***** PROVIDED RECORDS *****

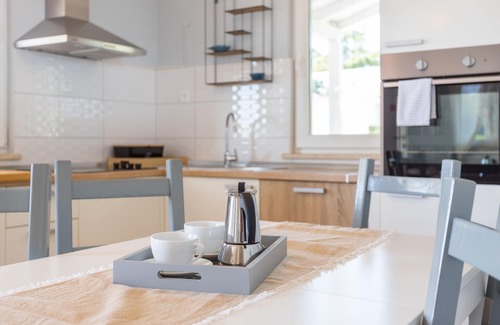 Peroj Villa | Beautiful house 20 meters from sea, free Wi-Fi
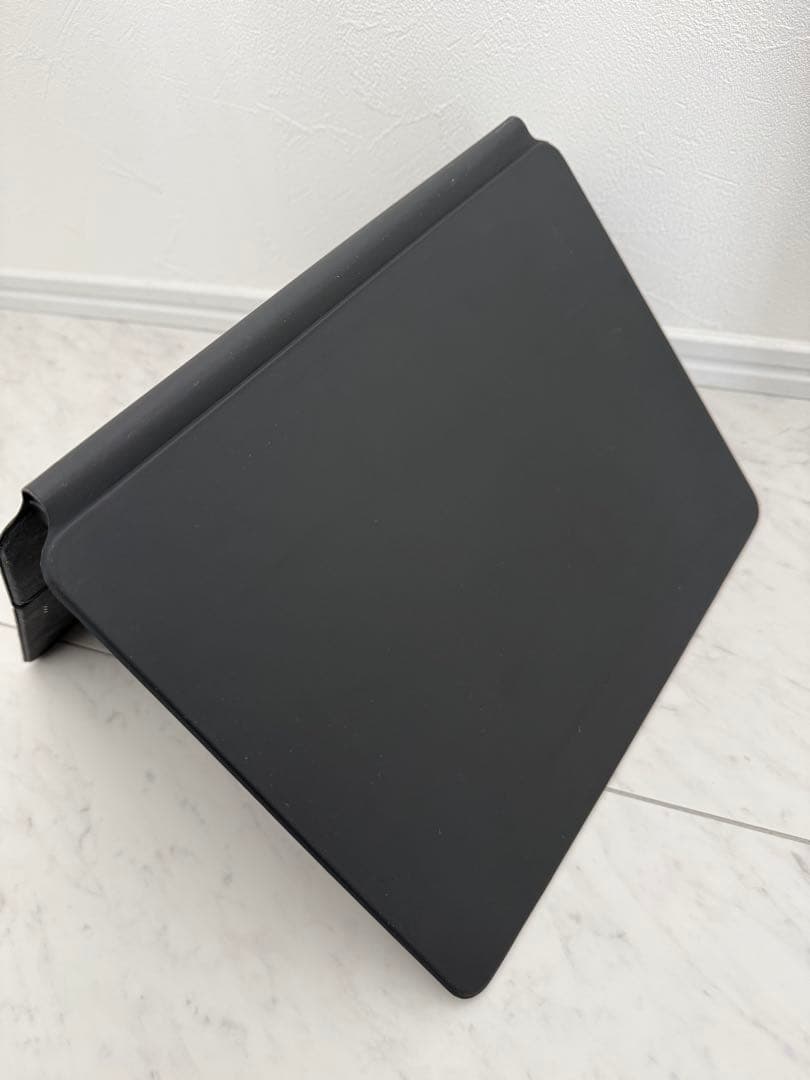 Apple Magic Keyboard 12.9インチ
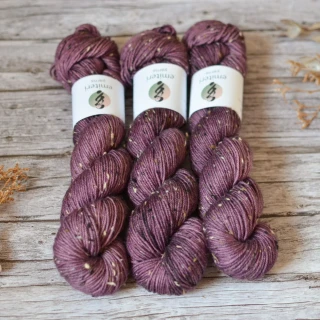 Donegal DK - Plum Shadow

*****
***** PROVIDED RECORDS *****

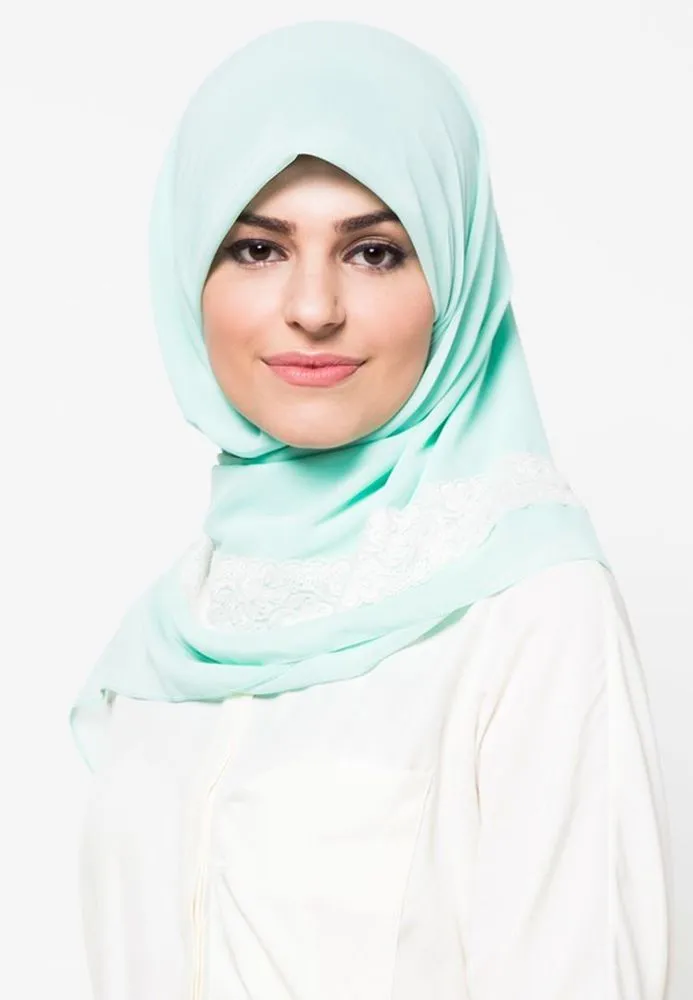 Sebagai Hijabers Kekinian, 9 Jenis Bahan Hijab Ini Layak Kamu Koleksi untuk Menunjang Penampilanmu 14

*****

◆ WORK TASK: Using the records above, return word for word the lines that begin at the one containing "Apple Magic Keyboard 12.9インチ" and end at the one containing "Donegal DK - Plum Shadow", both of them included and no pictures.

◆ TASK RESULT:
 Apple Magic Keyboard 12.9インチ
 Donegal DK - Plum Shadow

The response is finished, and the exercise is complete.